The Costs of Bandwidth and an Appeal to Help Meet Them, Anti-Fascists and Proto-Fascists, Blues and Lenya

Posted by Stephen Lewis on June 3, 2008

Costs of Bandwidth and an Appeal

This week’s podcast (The Prosecutor) from listener-supported Chicago Public Radio’s This American Life begins with a soft-spoken and cogent fundraising appeal from the program’s chief commentator, Ira Glass. Glass reports that ever since the station began its experimental podcasting of weekly episodes of This American Life a year-and-a-half ago, weekly downloads of the program have risen to 400,000,, and in some weeks have even exceeded a half-million.

This successful podcasting service, Glass continues, is free to the program’s listeners but not to the station. In Glass’s words: “… the bandwidth itself to do that much internet traffic costs our home radio station $152,000 this year.” His appeal is for each subscriber to the program’s podcasts to donate a single dollar per year to offset these costs. Such a minuscule donation would cover the program’s bandwidth bill three-fold. Of course, Glass acknowledges the sad fact that most internet users are unwilling to pay for the value they receive and, so, he suggests that responsible listeners give $5.00 each thereby making up for the unfulfilled donations of four slackers.

I plan to respond to Glass’s appeal by putting my money where my podcast-listening ear is and donating $5.00 to support the free distribution of Glass and colleagues’ excellent show. I challenge all those involved with me in debates on the future of internet infrastructure and fellow followers of Doc Searls’s worthy Project VRM (an attempt to gear “markets” to the wants and needs of individuals) at Harvard Law to do the same. Dare to join me?

Anti-Fascists and Proto-Fascists

Recently, during a walk through the Garden of Tsar Boris III (in communist times the Garden of Freedom) in Sofia, Bulgaria. I encountered a gathering of “anti-fascists” commemorating the anniversary of the denouement of the Second War World in Europe. Bulgaria had been an enthusiastic ally of Nazi Germany during the Second World War but switched to the side of the Allies following the Soviet occupation of the country in September, 1944. Those Bulgarians who fought against the Nazis after the country changed sides have been relegated to a historical purgatory in the post-communist era in which the rhetoric of anti-communism has come to outweigh the memory of anti-fascism. There were fewer than 200 people, most of them quite old, at the anti-fascist gathering. On the other hand, rallies of Bulgaria’s antisemitic, anti-Gypsy, anti-Muslim Ataka party (which won 25% of the votes in Bulgaria’s last presidential election) still attract thousands.

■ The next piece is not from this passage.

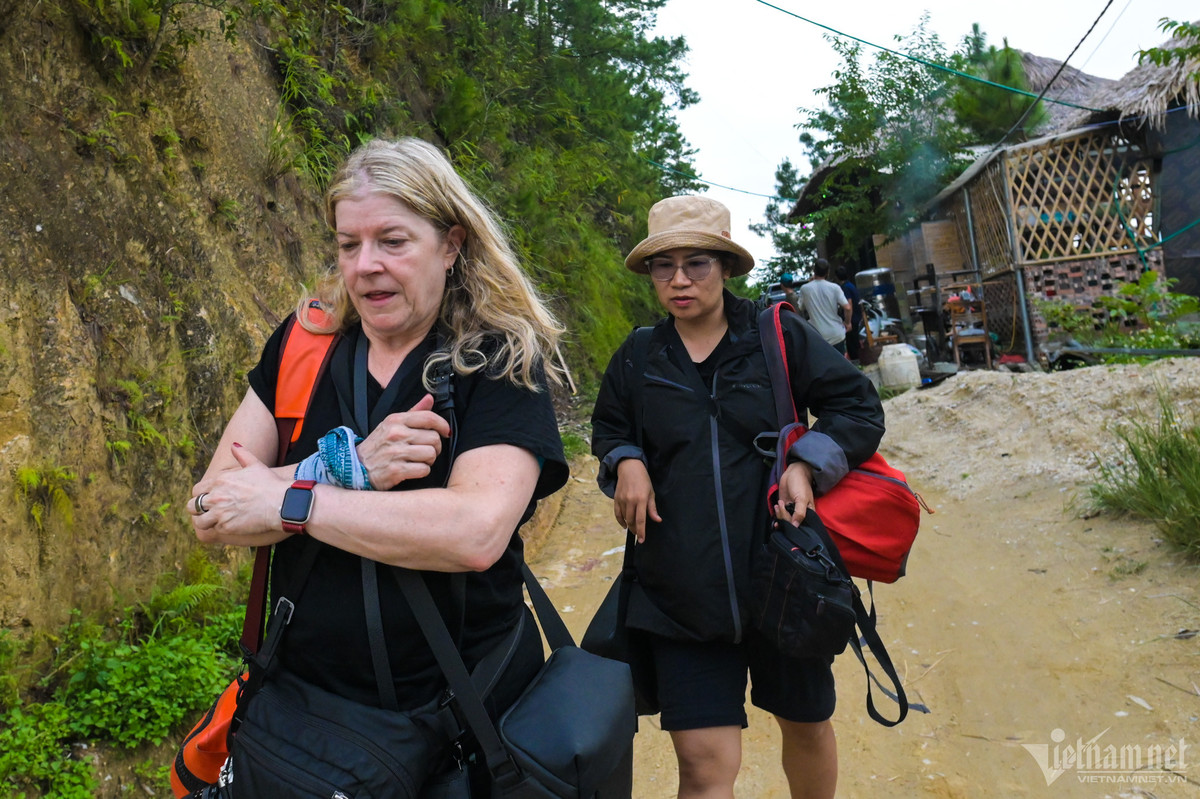 Anna (du khách đến từ Đức) chia sẻ: "Tôi yêu thích du lịch trải nghiệm, vì vậy chọn Hoàng Su Phì là điểm đến. Từ đường đi, khung cảnh núi rừng, sự vắng vẻ, hoang sơ... tất cả đều rất tuyệt vời".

Only hours before the stumbling across the gathering in the Sofia garden, I had heard the word “fascist” used in a more contemporary context. In an interview on the weekly podcast of the BBC’s Front Row, the 82-year-old American literary doyen (and eternal curmudgeon) Gore Vidal responded to a request to forecast the outcome of the upcoming US presidential election by saying that “… the likeliest outcome is that the Republican party, which is not a political party in any sense that Britain might know, (but which) is a mind set of crypto-fascists, will steal it from any Democrat who wins it, as they did with Albert Gore … they are quick to steal, look at the mess they’ve made.” And this is only the beginning of Vidal’s take on the party of Bush and McCain! The Front Line interview also includes Vidal’s recollections of fellow post-war literary giants Norman Mailer and Kurt Vonnegut. Bravo to Gore Vidal on all accounts!

Blues and Lenya

As an antidote to exposures to fascism, or to an excess of radio talk shows, two musical podcast suggestions: For a regular doses of the blues, try The Blues File. For background and anecdotes covering the all types of music and musical personalities, subscribe to Sarah Fishko’s excellent Fishko Files with, as a delightful, haunting, and anti-fascist starting point, this broadcast treating the great Lotte Lenya, wife of Kurt Weill and iconic interpreter of the music and lyrics of Weill, Bertolt Brecht, and others.

Posted in Bulgaria, Commentary, Infrastructure, Internet, Links, Literature, Media, Music, Podcasting, Uncategorized | Leave a Comment »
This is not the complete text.